[Action item]:
All lines from the one containing "Nur mit Spezialanzügen" through the last line of the listing should be given again exactly, with no pictures.
......
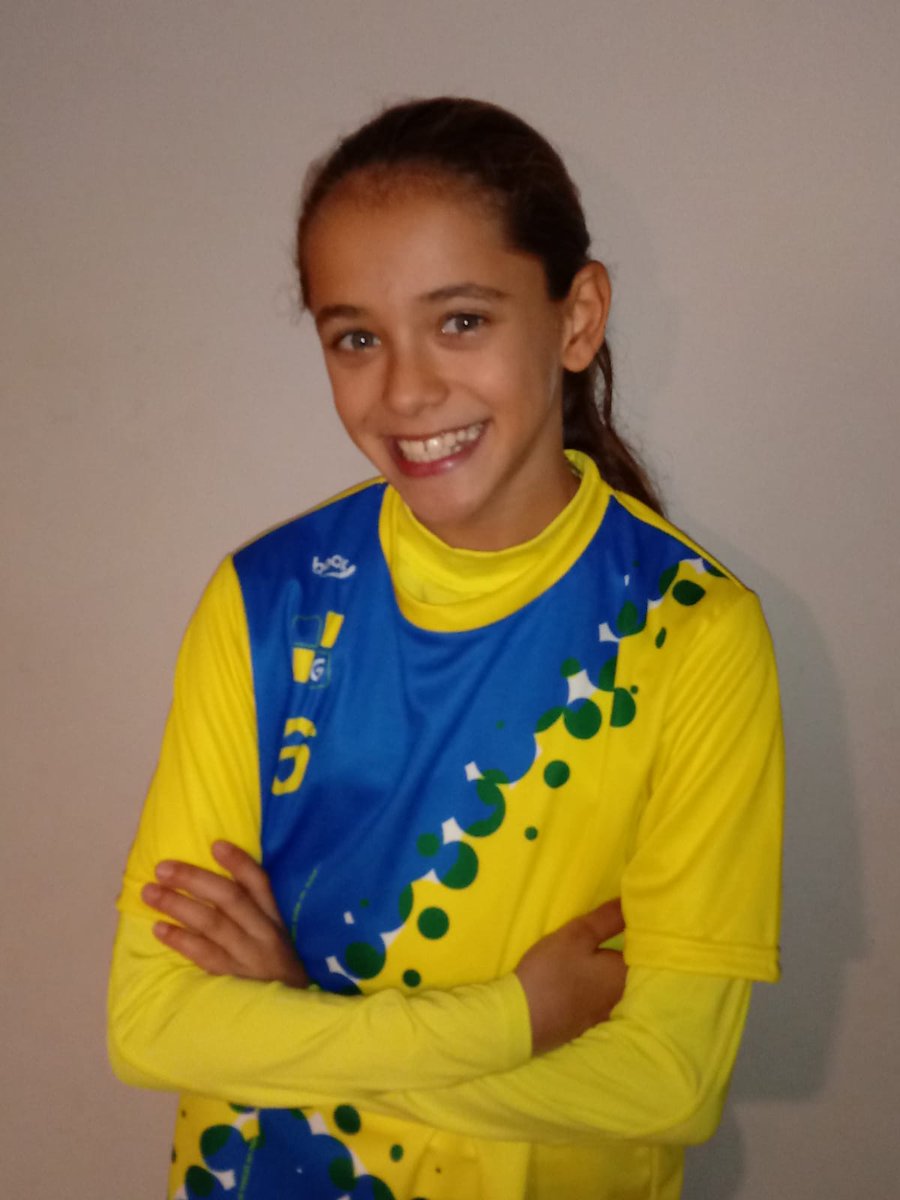 FutfemBaixLlob1's tweet photo. Desde @FutfemBaixLlob1 le damos las gracias a Queralt del @PenyaEsplugues por hacernos llegar la entrevista. 

@Futtotalfemeni1 @FutfemM #orgullosa #futsalfem #fcf https://t.co/udJ9iwR2mP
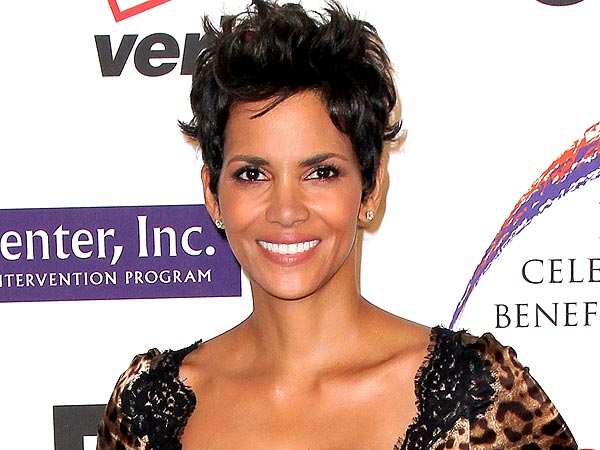 High-Spirited Halle Berry Sips Wine with Pals in L.A.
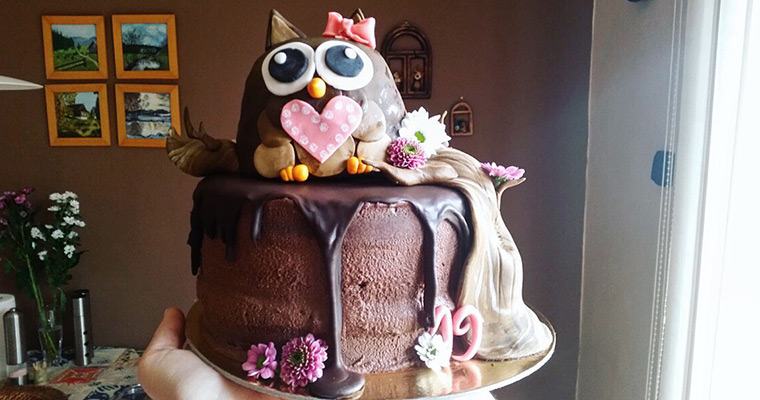 Cute OWL cake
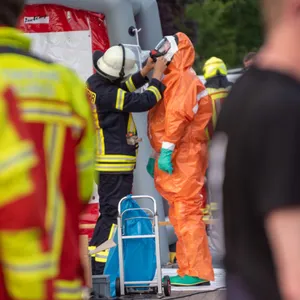 Nur mit Spezialanzügen konnten die Feuerwehrkräfte in den Schacht gehen.
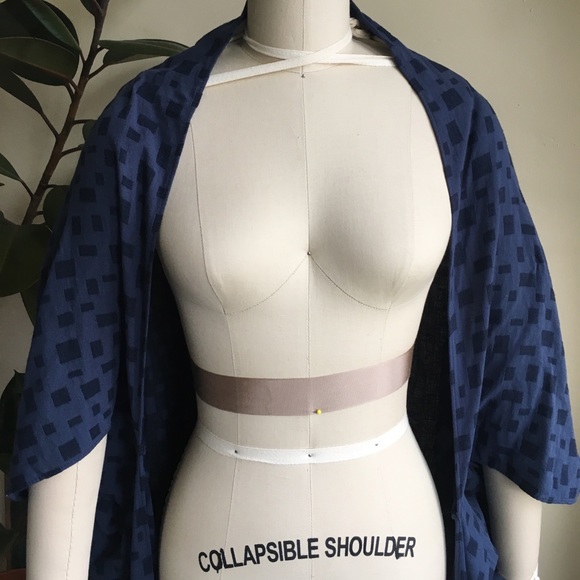 SOLD! Universal Thread // Kimono - Picture 4 of 8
......
[Written response]:
 Nur mit Spezialanzügen konnten die Feuerwehrkräfte in den Schacht gehen.
 SOLD! Universal Thread // Kimono - Picture 4 of 8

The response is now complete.